Exercise: Reproduce, exactly and in full, the lines from the one with "SENSAIRUITE Headband Wig" through the one with "Auto detailing website" in the data below; drop pictures.

Extracted entries:
━━━━━━━━━━━━━━━━━━━━
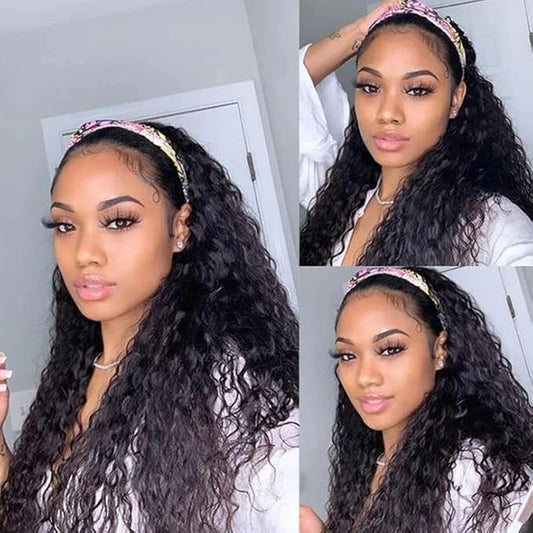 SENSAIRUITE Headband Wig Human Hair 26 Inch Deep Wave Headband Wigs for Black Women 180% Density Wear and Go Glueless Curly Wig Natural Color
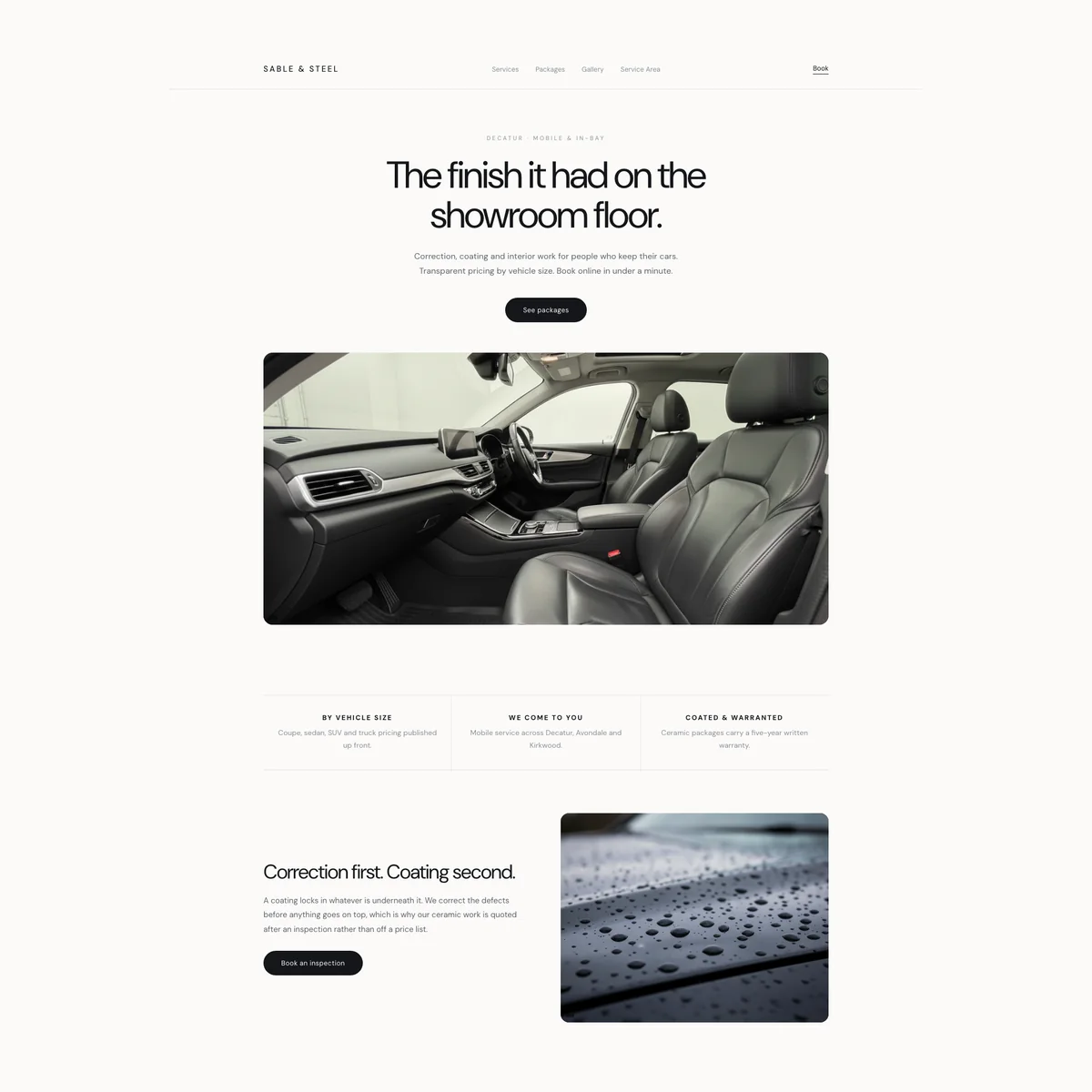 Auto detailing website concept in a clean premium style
━━━━━━━━━━━━━━━━━━━━
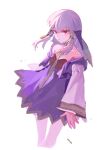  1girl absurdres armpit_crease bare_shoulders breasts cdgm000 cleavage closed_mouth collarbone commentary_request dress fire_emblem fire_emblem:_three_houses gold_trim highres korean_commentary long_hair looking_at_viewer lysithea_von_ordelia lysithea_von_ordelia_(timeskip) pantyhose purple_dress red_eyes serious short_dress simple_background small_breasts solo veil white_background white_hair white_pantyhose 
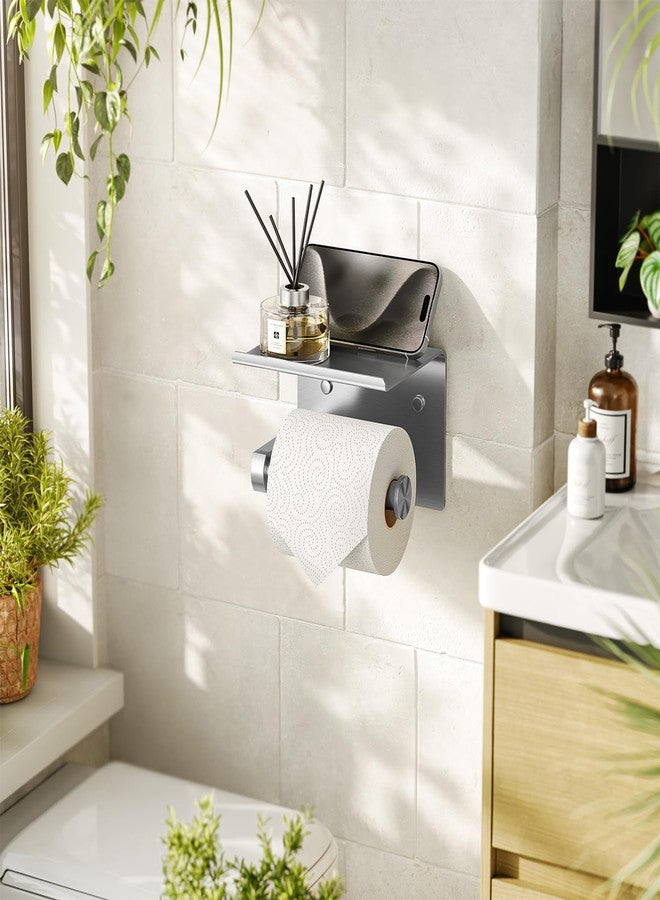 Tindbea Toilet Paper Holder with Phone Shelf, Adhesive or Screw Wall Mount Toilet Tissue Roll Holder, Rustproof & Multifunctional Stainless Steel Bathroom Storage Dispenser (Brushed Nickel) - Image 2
━━━━━━━━━━━━━━━━━━━━
Output for this exercise:
 SENSAIRUITE Headband Wig Human Hair 26 Inch Deep Wave Headband Wigs for Black Women 180% Density Wear and Go Glueless Curly Wig Natural Color
 Auto detailing website concept in a clean premium style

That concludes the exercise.